TASK DIRECTIONS: Somewhere below are a line with "Photo of property" and a later line with "Весенний чай и цветы". Output exactly those lines and all lines between them.

INFORMATION PROVIDED:

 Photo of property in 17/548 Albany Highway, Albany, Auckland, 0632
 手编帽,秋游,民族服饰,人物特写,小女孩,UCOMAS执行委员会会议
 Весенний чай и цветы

---

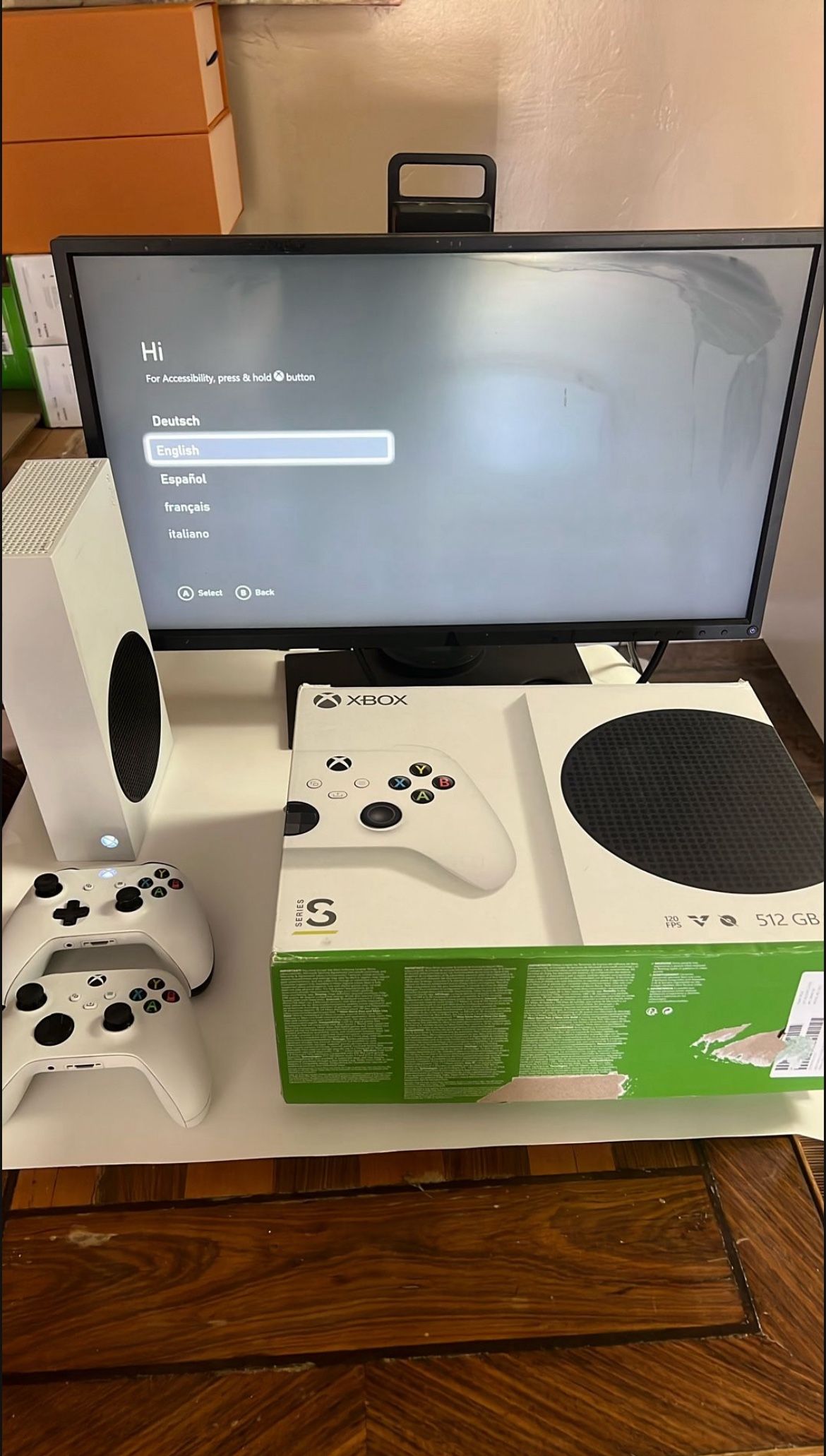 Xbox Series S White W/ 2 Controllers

TASK ANSWER:
 Photo of property in 17/548 Albany Highway, Albany, Auckland, 0632
 手编帽,秋游,民族服饰,人物特写,小女孩,UCOMAS执行委员会会议
 Весенний чай и цветы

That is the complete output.